→ **What you should do**: Retype, exactly as written, every line from the one containing "(Четыре Сыра) 125г" through the last line of the records below, both included; skip the pictures.

[Records contained in a dataset]

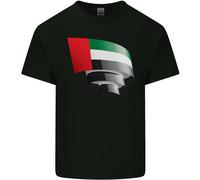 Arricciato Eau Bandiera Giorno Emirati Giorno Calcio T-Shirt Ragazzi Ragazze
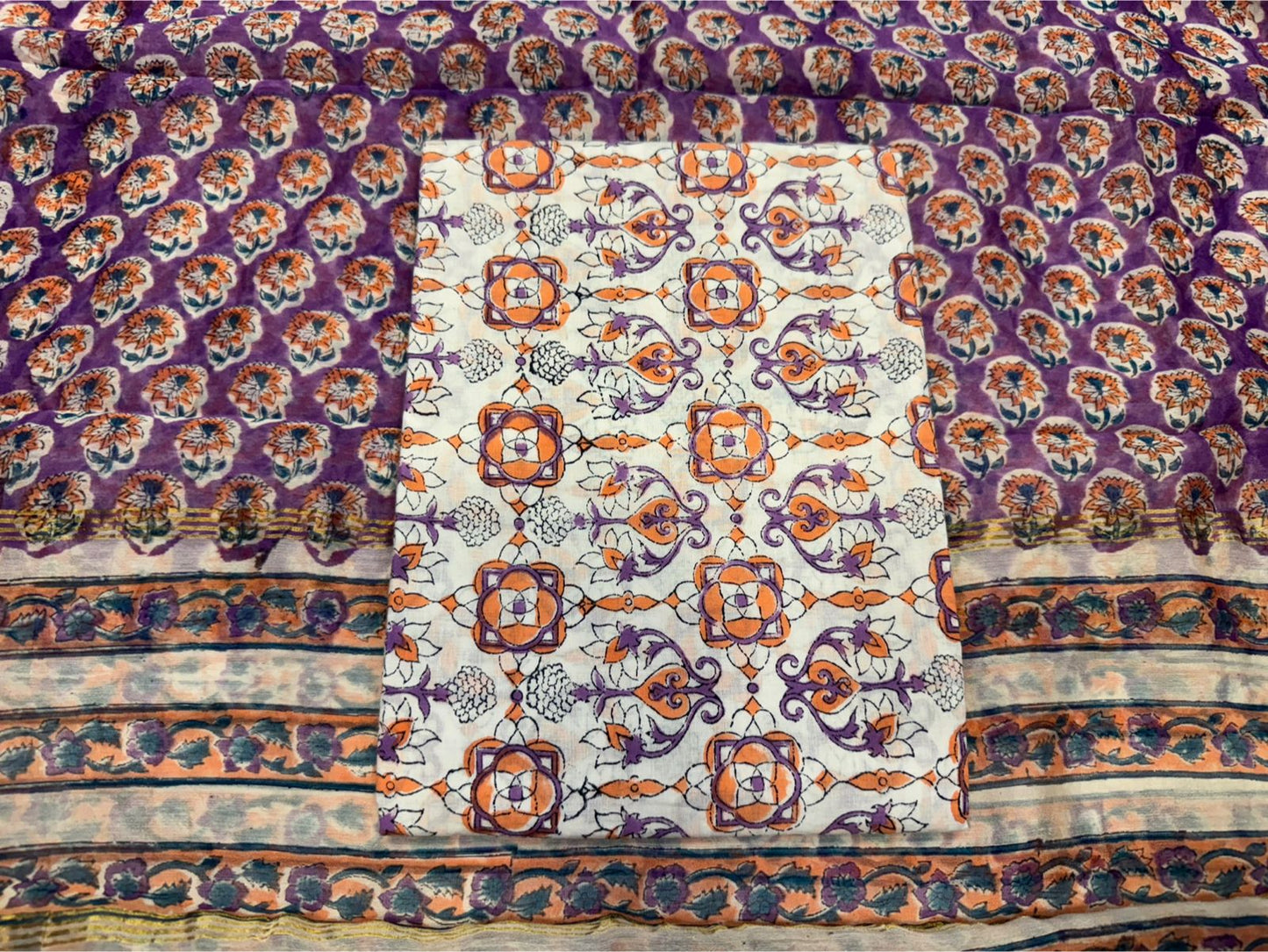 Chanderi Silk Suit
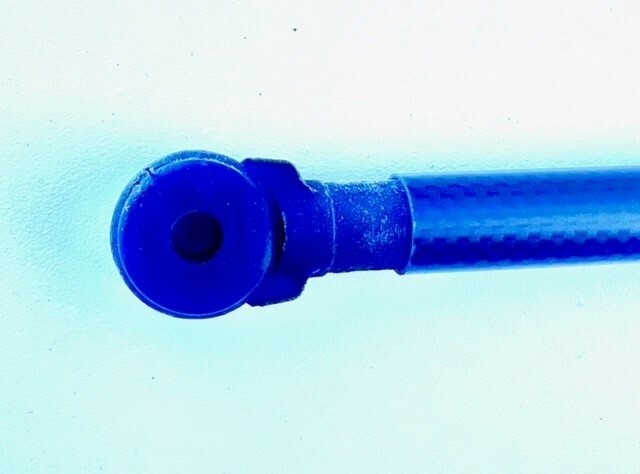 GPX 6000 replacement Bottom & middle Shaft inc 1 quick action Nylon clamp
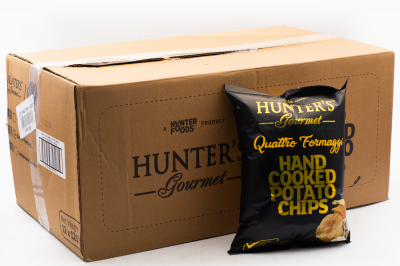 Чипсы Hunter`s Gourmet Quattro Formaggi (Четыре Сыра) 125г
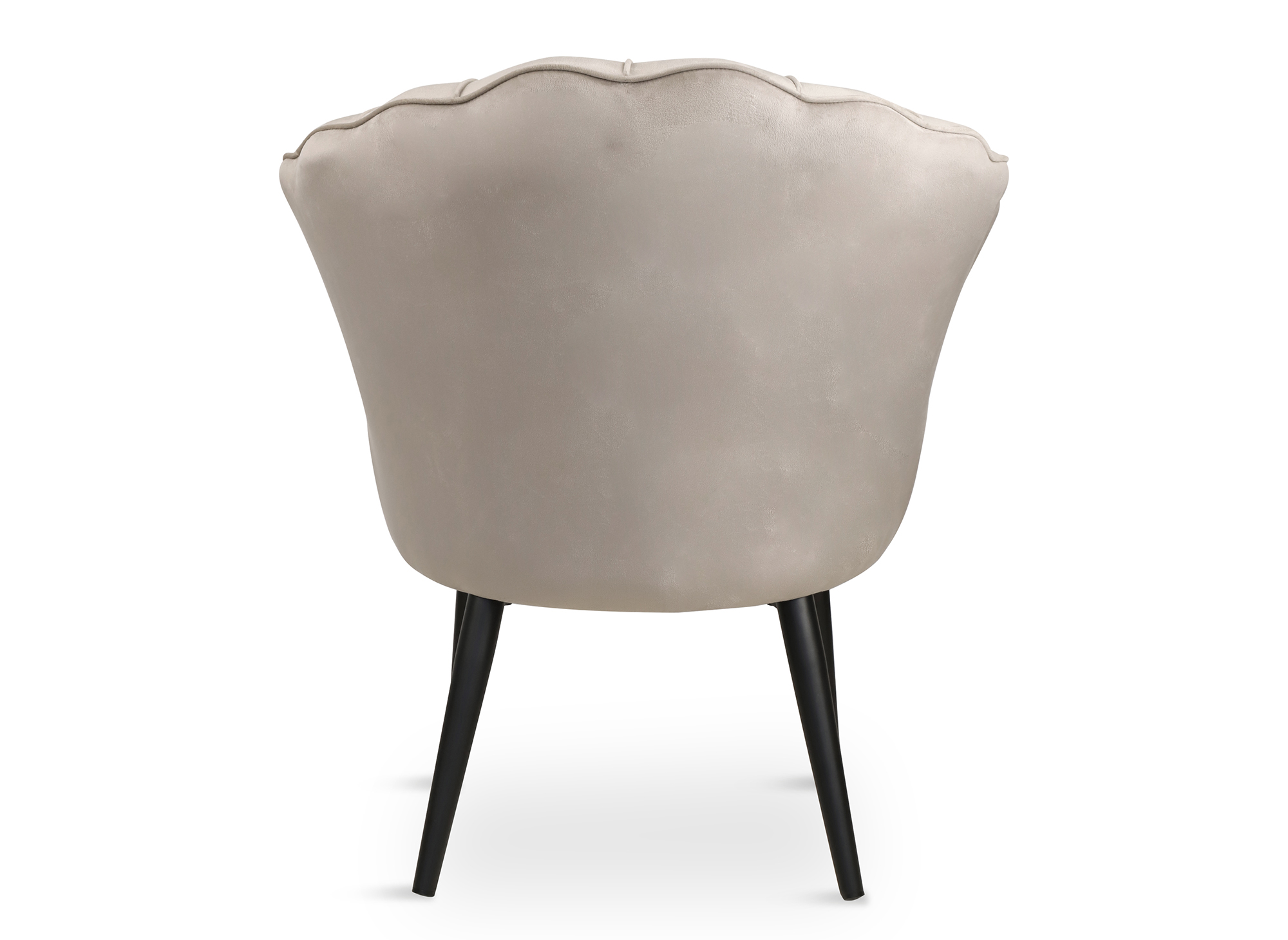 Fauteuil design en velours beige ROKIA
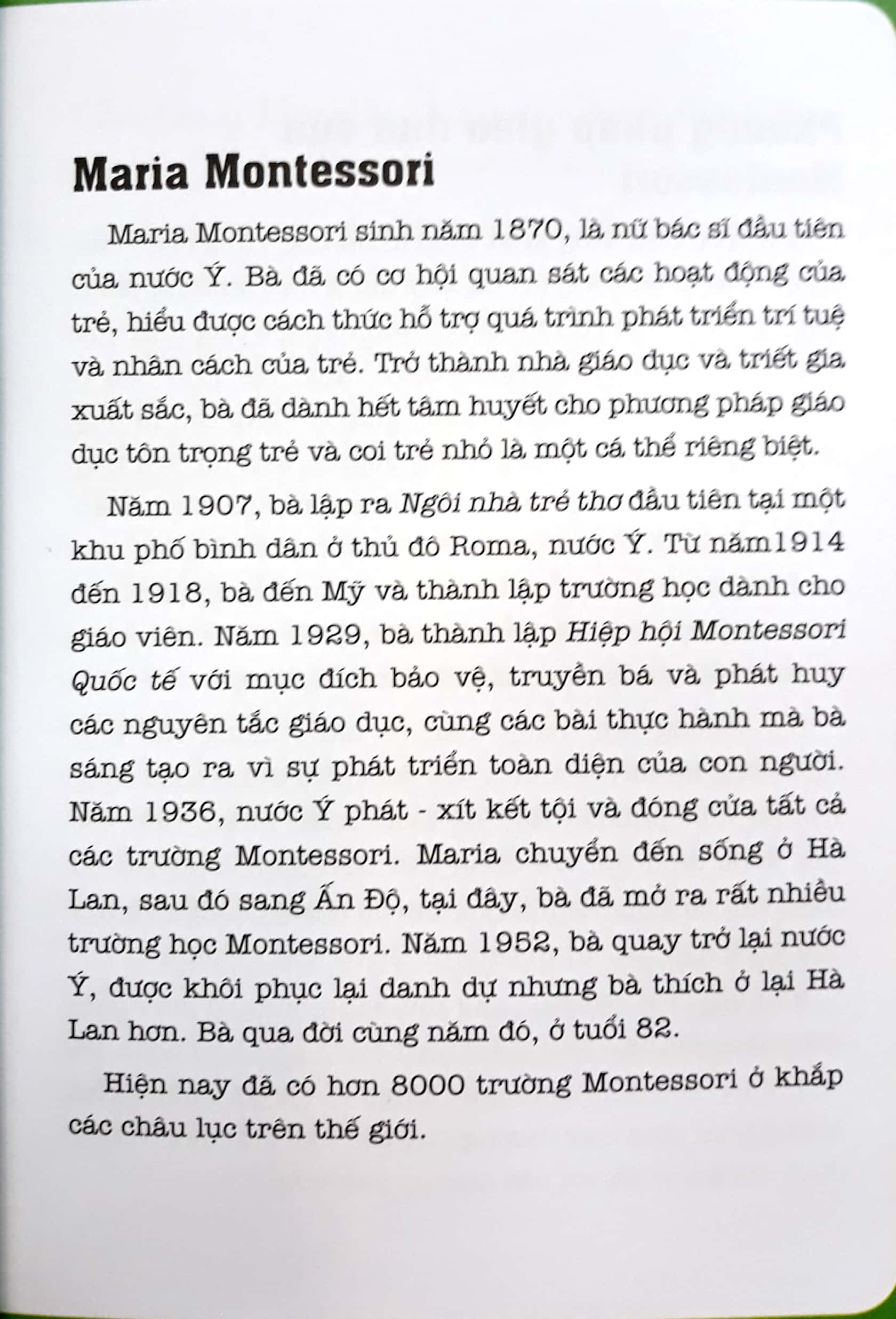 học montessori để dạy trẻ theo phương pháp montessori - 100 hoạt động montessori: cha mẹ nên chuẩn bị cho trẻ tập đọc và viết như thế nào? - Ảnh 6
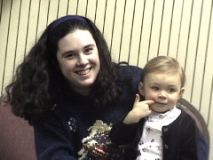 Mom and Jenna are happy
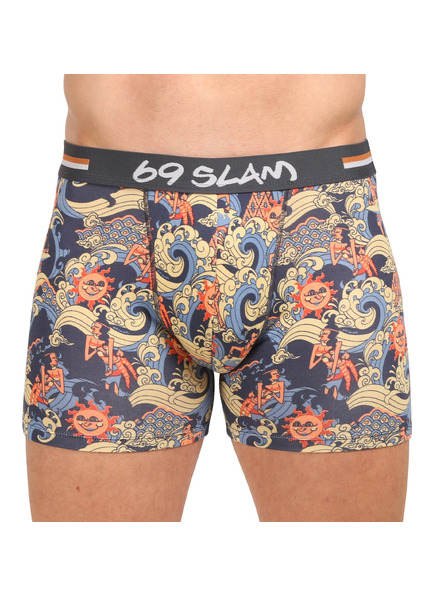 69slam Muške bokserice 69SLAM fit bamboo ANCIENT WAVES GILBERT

→ **Answer below**:
 Чипсы Hunter`s Gourmet Quattro Formaggi (Четыре Сыра) 125г
 Fauteuil design en velours beige ROKIA
 học montessori để dạy trẻ theo phương pháp montessori - 100 hoạt động montessori: cha mẹ nên chuẩn bị cho trẻ tập đọc và viết như thế nào? - Ảnh 6
 Mom and Jenna are happy
 69slam Muške bokserice 69SLAM fit bamboo ANCIENT WAVES GILBERT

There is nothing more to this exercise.